## Data supplied
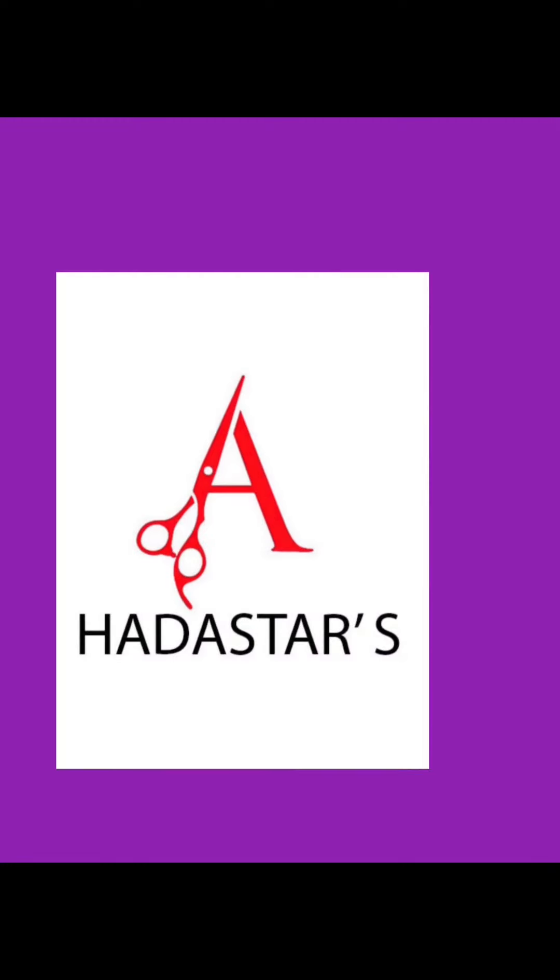From the runway to the streets, we shine so bright. How to Stars Fashion House — where day turns to night.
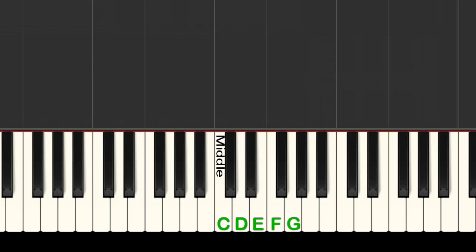To start off, place your right hand thumb on middle C, pointer finger on D, middle finger on E, ring finger on F, and pinky on G.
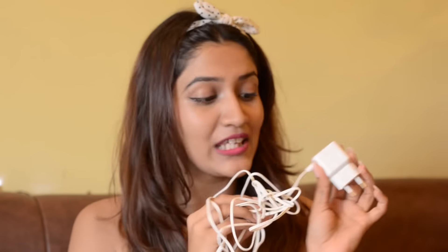The best thing about epilators is that they're really tiny and you can carry them in your travel bag or your purse — you can get rid of your hair anywhere. The power adapter is quite small as well, like your phone charger, so you can carry it anywhere.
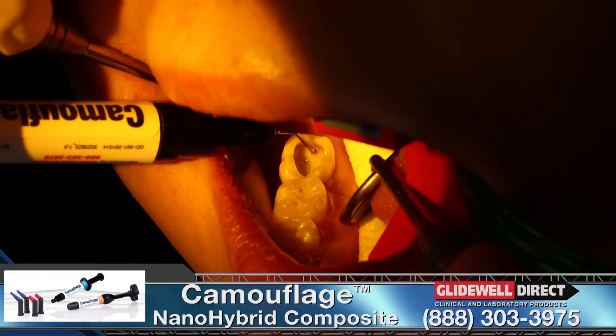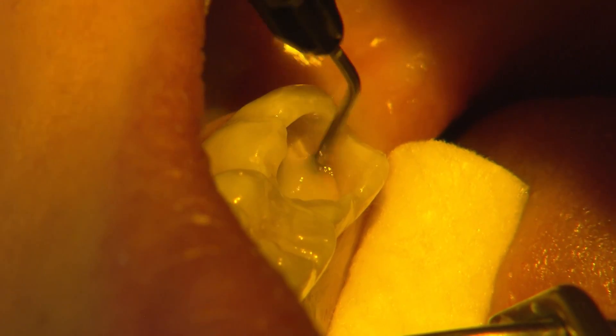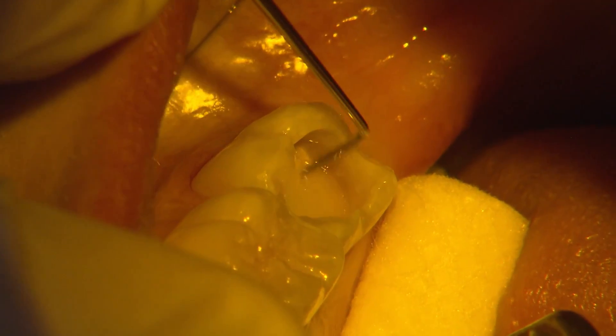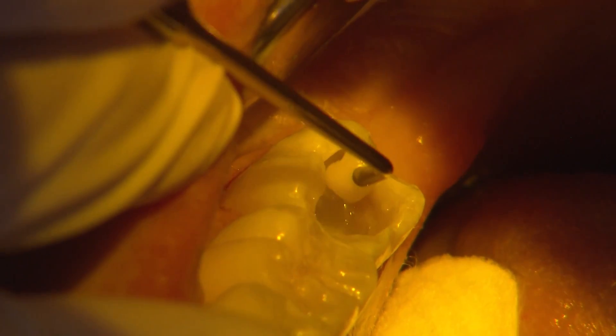I begin the restoration with a thin layer of camouflage flowable to adapt to the pulpal floor. Then I build up the restoration with camouflage universal A1 enamel. The material is very easy to adapt to the cavity walls and shape to the desired form. I place and cure each cusp's support individually.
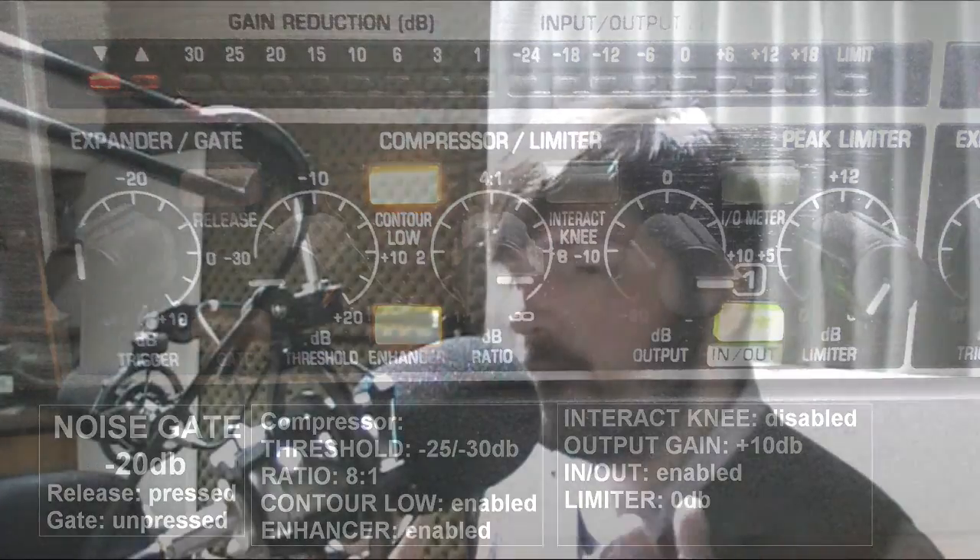The anti-pop filter takes care of getting rid of any plosives. But if you want to use this microphone without an anti-pop filter, find the right placement so that your plosives won't ruin your take or your live show.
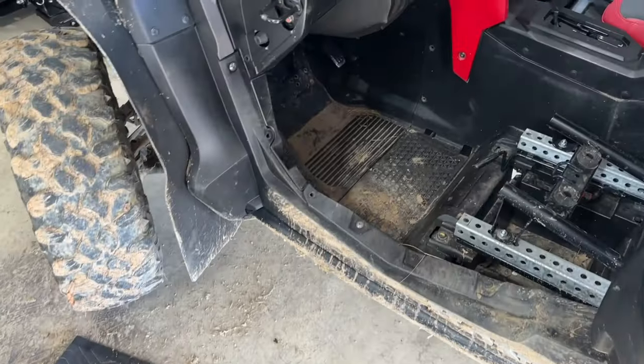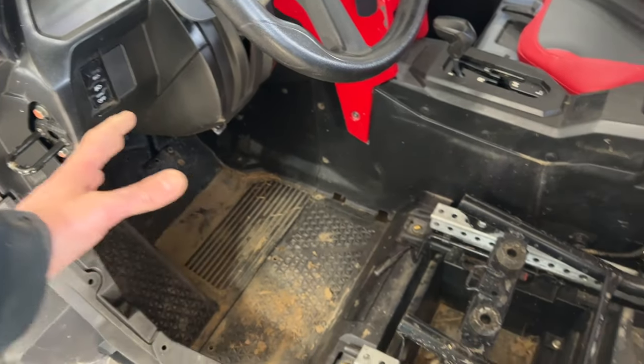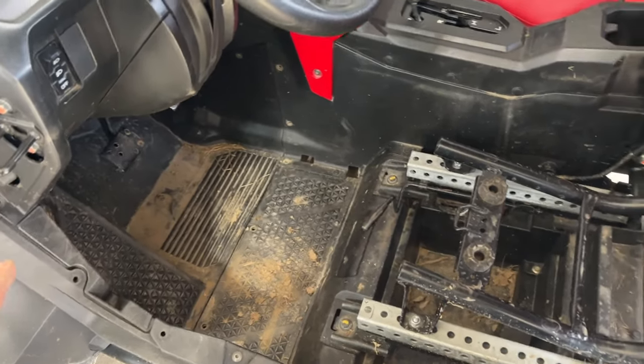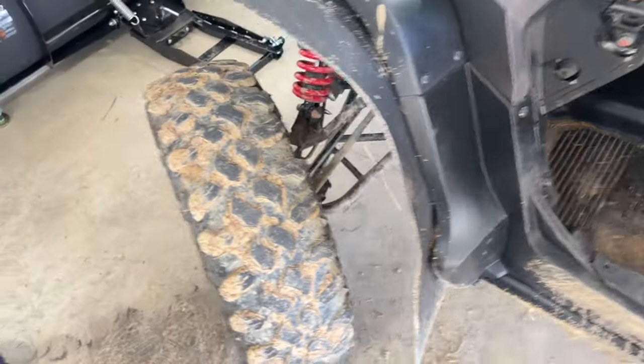It's really hard to get this whole liner out because you have to take all this stuff apart. I already took all the pins out and there's still a lot more, and I didn't feel like taking apart the whole machine just to figure that out.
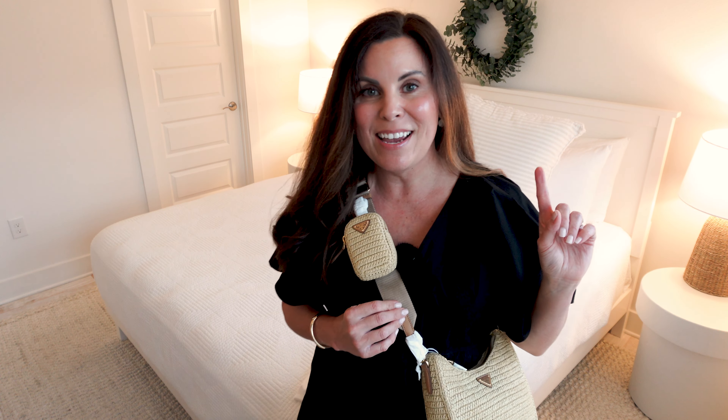The strap can certainly be adjusted, allowing you to use this as a crossbody or wear it longer, or even as a shoulder bag. But there is a really amazing bonus to this bag — when I say this is so versatile and the perfect bag for summer, I mean it. Let me share why it's so perfect.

## Task brief
Once the pictures are set aside, write out the entries verbatim.

## Solution for this problem
From the runway to the streets, we shine so bright. How to Stars Fashion House — where day turns to night.
To start off, place your right hand thumb on middle C, pointer finger on D, middle finger on E, ring finger on F, and pinky on G.
The best thing about epilators is that they're really tiny and you can carry them in your travel bag or your purse — you can get rid of your hair anywhere. The power adapter is quite small as well, like your phone charger, so you can carry it anywhere.
I begin the restoration with a thin layer of camouflage flowable to adapt to the pulpal floor. Then I build up the restoration with camouflage universal A1 enamel. The material is very easy to adapt to the cavity walls and shape to the desired form. I place and cure each cusp's support individually.
The anti-pop filter takes care of getting rid of any plosives. But if you want to use this microphone without an anti-pop filter, find the right placement so that your plosives won't ruin your take or your live show.
It's really hard to get this whole liner out because you have to take all this stuff apart. I already took all the pins out and there's still a lot more, and I didn't feel like taking apart the whole machine just to figure that out.
The strap can certainly be adjusted, allowing you to use this as a crossbody or wear it longer, or even as a shoulder bag. But there is a really amazing bonus to this bag — when I say this is so versatile and the perfect bag for summer, I mean it. Let me share why it's so perfect.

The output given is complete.